__DESCRIPTION OF THE TASK__: Give back an exact repetition of the material below, from its first line through the line that contains "In this session", both included, minus the pictures.

__PROVIDED MATERIAL__:

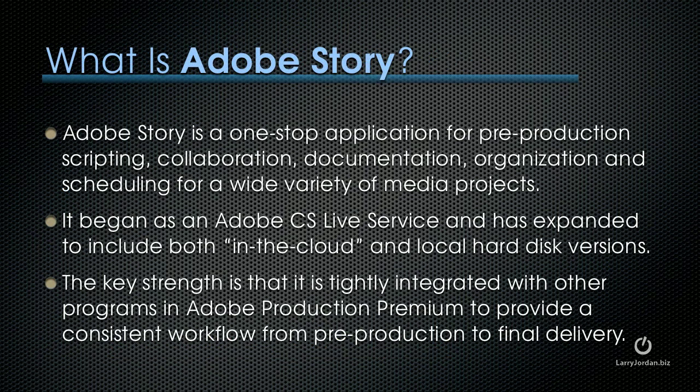Adobe Story is a one-stop application for pre-production scripting, collaboration, documentation, organization, and scheduling for a wide variety of media projects. It began as Adobe CS Live, a service, but it's since expanded to include both in-the-cloud and local hard disk versions. The key strength to Story is that it is tightly integrated with other programs in the Adobe Production Premium to provide a workflow from pre-production through final delivery.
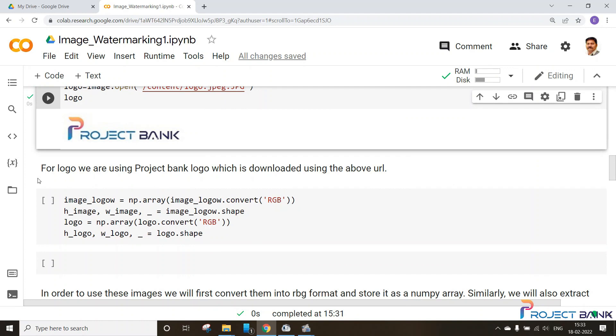In this session we will convert the images into RGB format and store them in NumPy array. Similarly we will also extract the shape of these images, that is the height and width of the image.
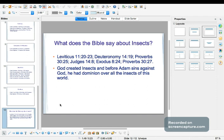Let's read Judges chapter 14 verse 8: 'After a while, when he returned to take her' — this is Samson's wedding — 'he turned aside to see the carcass of the lion, and a swarm of bees and honey were in the carcass of the lion. He scooped it out into his hands and ate it as he went along.' So bees were present and documented during this biblical time.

__RESULT OF THE TASK__:
Adobe Story is a one-stop application for pre-production scripting, collaboration, documentation, organization, and scheduling for a wide variety of media projects. It began as Adobe CS Live, a service, but it's since expanded to include both in-the-cloud and local hard disk versions. The key strength to Story is that it is tightly integrated with other programs in the Adobe Production Premium to provide a workflow from pre-production through final delivery.
In this session we will convert the images into RGB format and store them in NumPy array. Similarly we will also extract the shape of these images, that is the height and width of the image.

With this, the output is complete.